Give again, exactly as written, the lines of the records below from the line with "Coco Village Washable Nylon Small Backpack" to the line with "Used Skoda Enyaq". Both end lines count; pictures do not.

■ DATA PROVIDED
----------

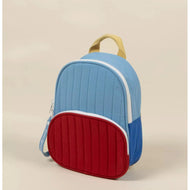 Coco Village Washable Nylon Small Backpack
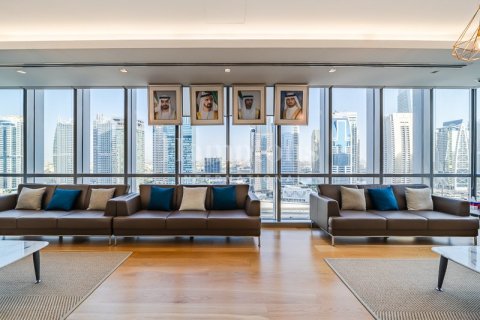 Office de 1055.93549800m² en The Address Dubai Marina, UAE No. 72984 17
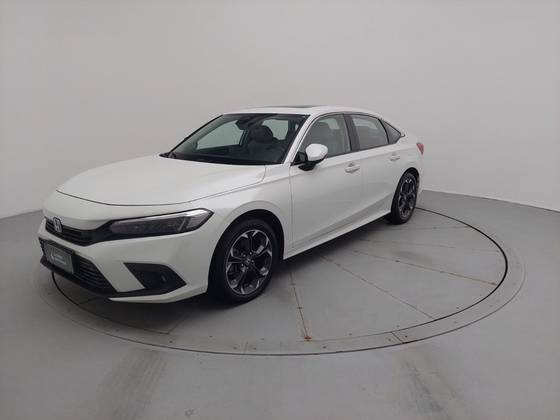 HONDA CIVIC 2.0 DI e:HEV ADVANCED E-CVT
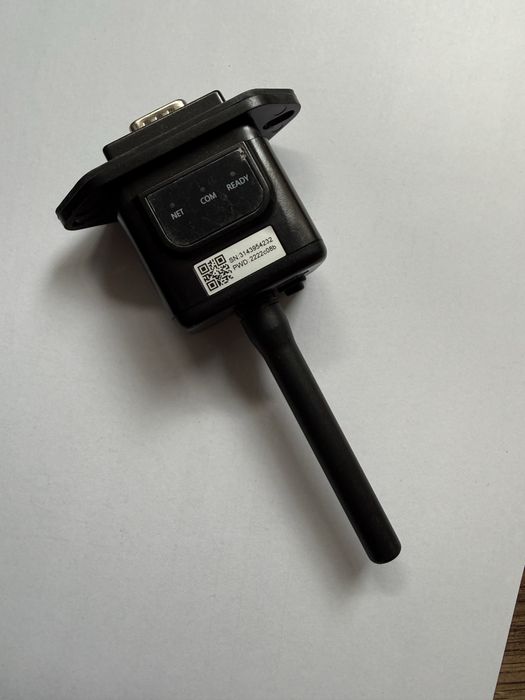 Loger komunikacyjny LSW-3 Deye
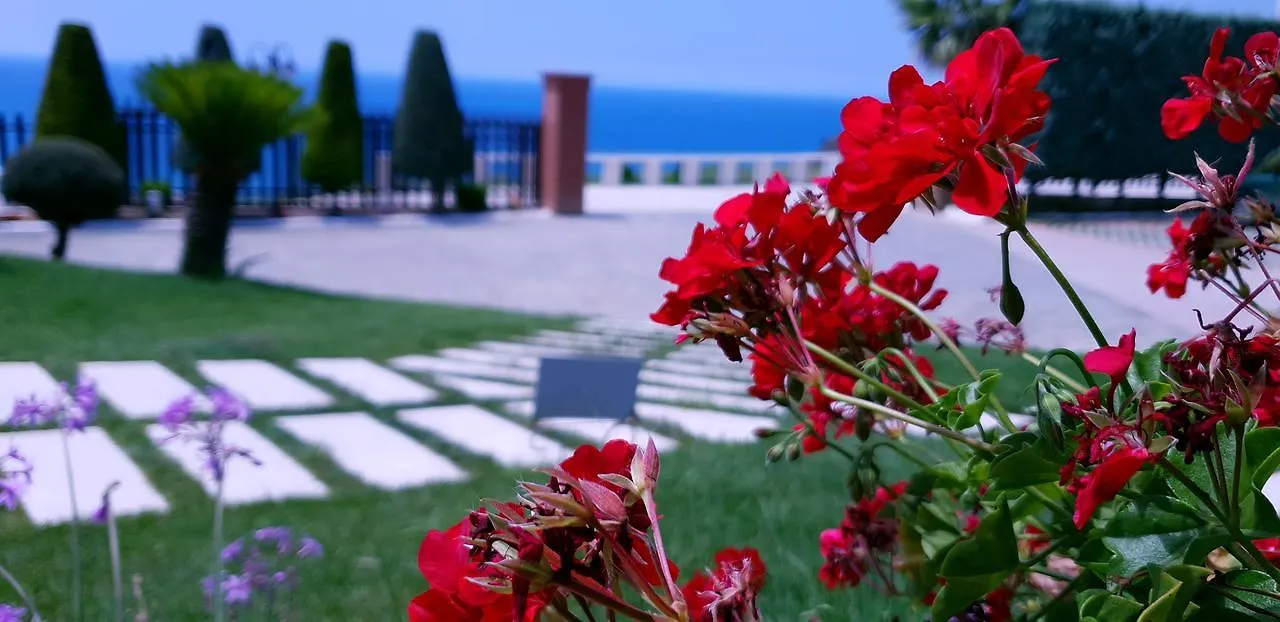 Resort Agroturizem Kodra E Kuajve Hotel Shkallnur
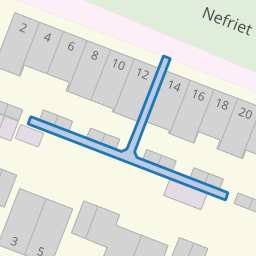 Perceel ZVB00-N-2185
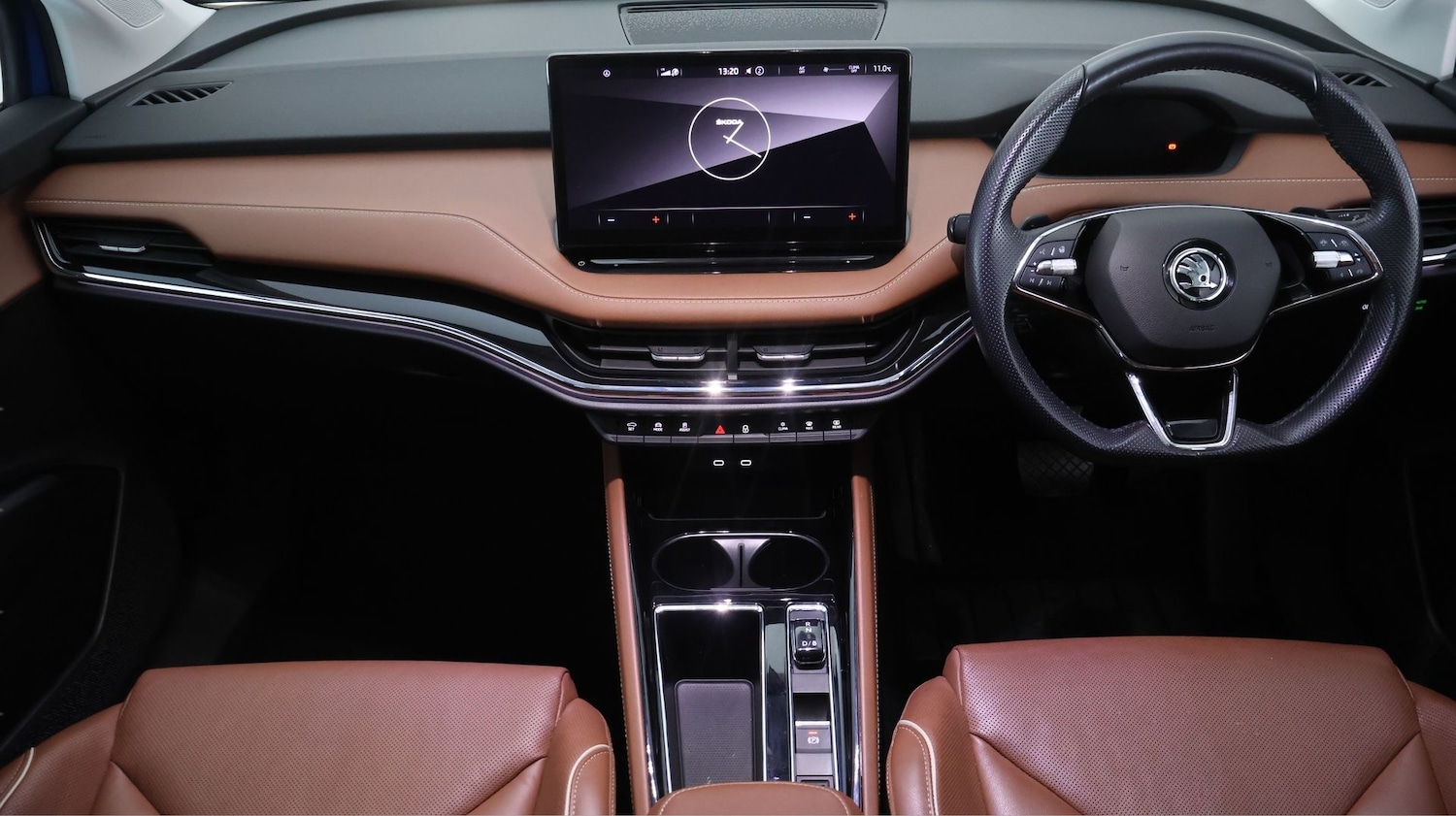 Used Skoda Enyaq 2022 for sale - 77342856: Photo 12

----------

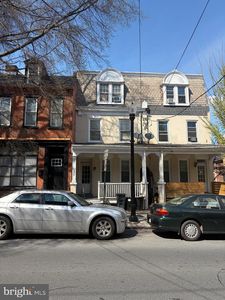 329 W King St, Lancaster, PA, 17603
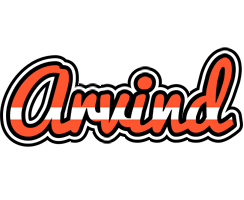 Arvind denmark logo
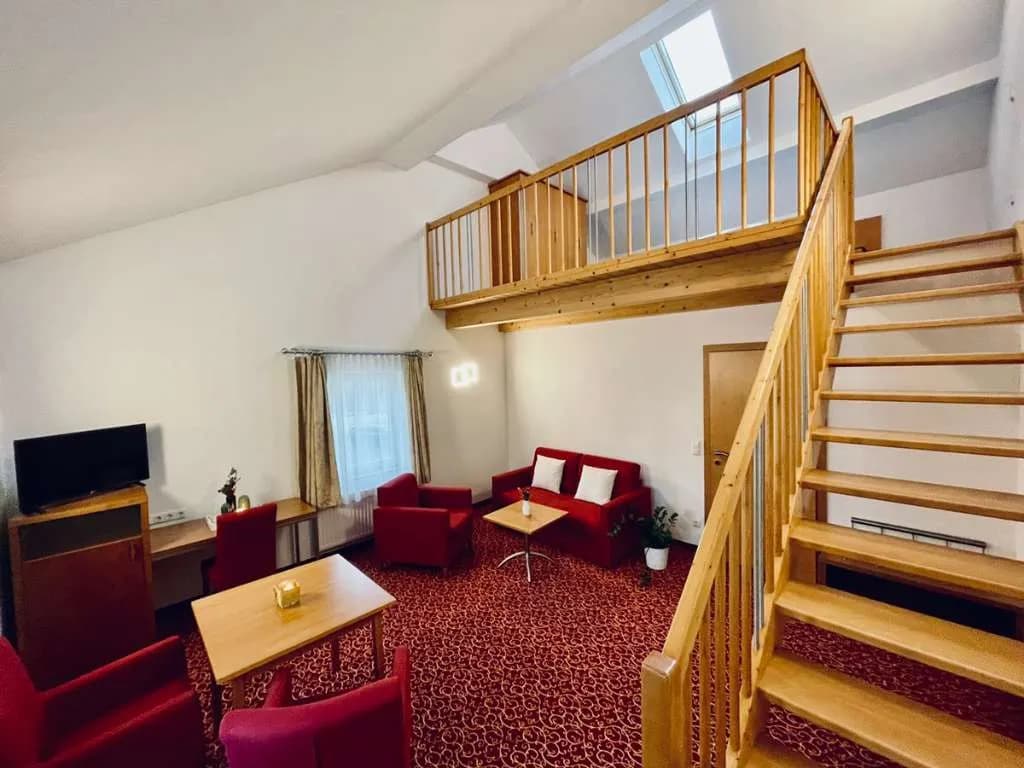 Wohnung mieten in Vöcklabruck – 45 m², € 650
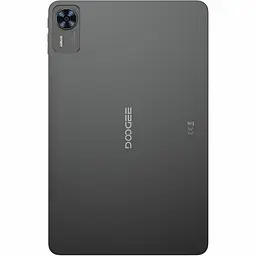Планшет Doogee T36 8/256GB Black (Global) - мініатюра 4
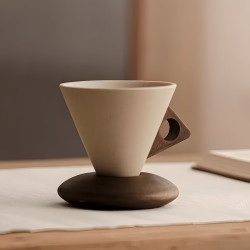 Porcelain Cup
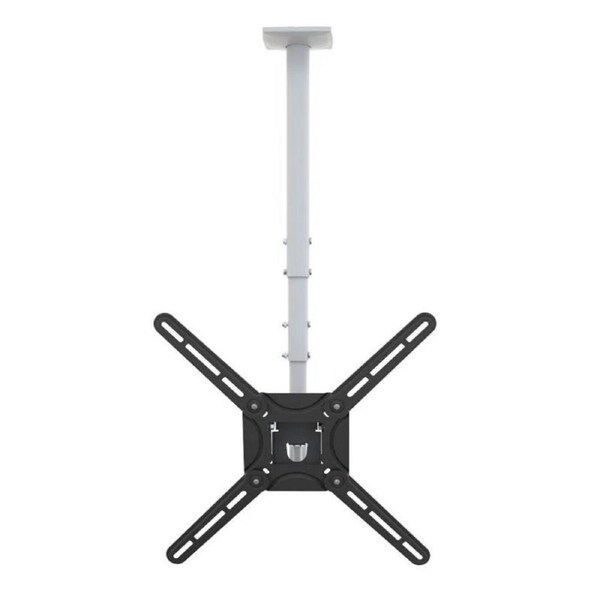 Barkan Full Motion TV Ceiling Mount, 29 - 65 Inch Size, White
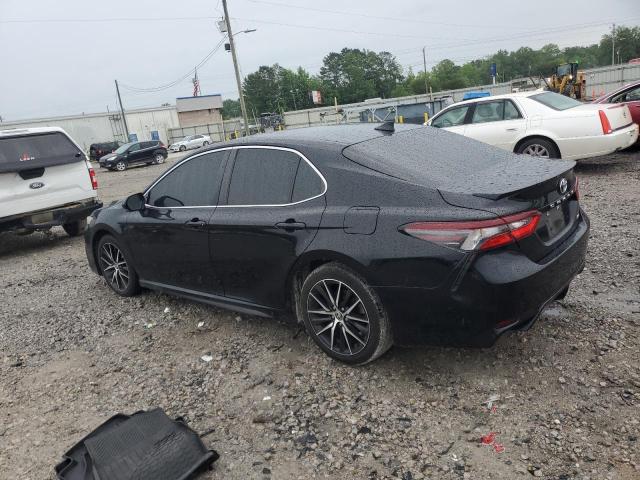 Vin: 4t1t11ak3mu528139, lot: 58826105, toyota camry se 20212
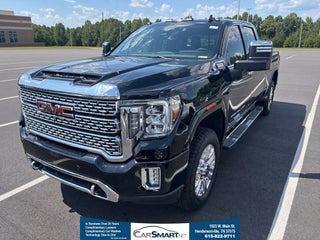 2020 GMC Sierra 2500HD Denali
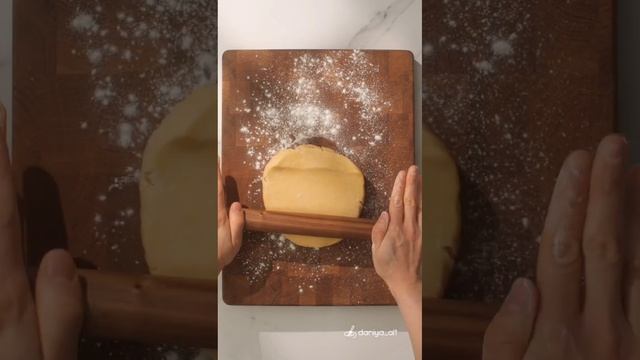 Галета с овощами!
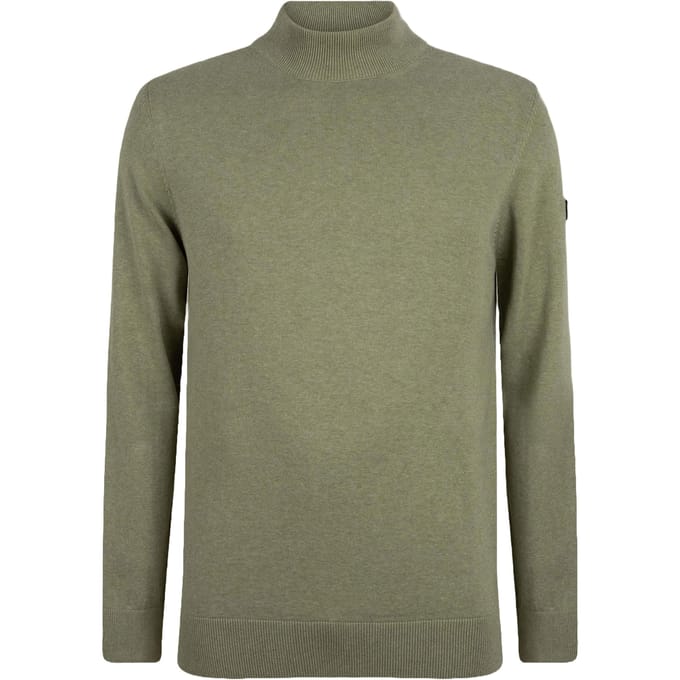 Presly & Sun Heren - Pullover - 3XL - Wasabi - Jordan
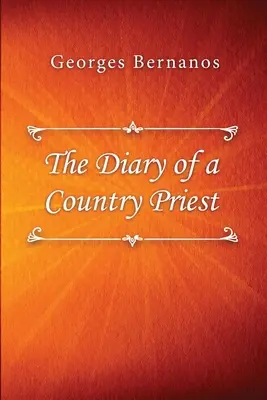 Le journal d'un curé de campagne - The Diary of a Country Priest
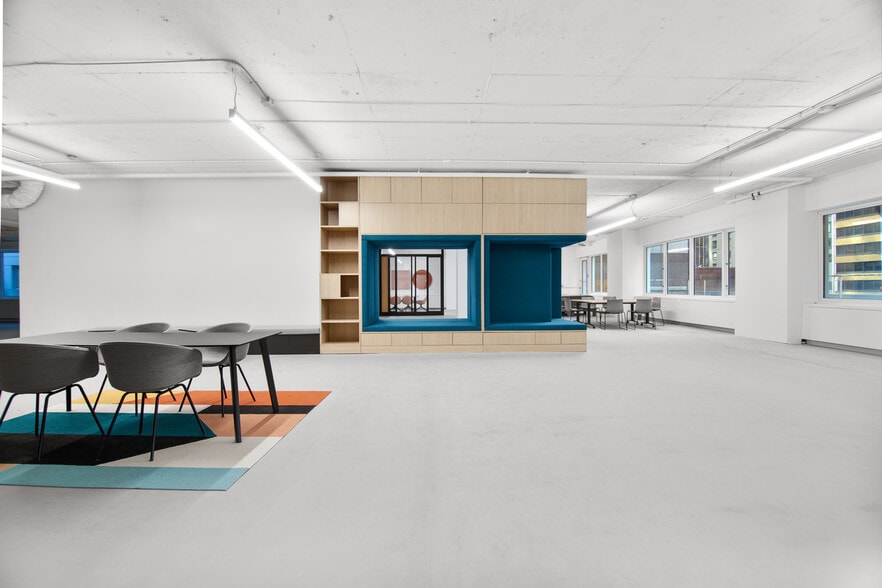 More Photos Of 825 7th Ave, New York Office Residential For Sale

----------

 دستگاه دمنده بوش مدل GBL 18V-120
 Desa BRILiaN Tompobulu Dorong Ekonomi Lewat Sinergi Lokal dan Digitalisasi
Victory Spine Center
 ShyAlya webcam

----------

■ EXERCISE OUTPUT
 Coco Village Washable Nylon Small Backpack
 Office de 1055.93549800m² en The Address Dubai Marina, UAE No. 72984 17
 HONDA CIVIC 2.0 DI e:HEV ADVANCED E-CVT
 Loger komunikacyjny LSW-3 Deye
 Resort Agroturizem Kodra E Kuajve Hotel Shkallnur
 Perceel ZVB00-N-2185
 Used Skoda Enyaq 2022 for sale - 77342856: Photo 12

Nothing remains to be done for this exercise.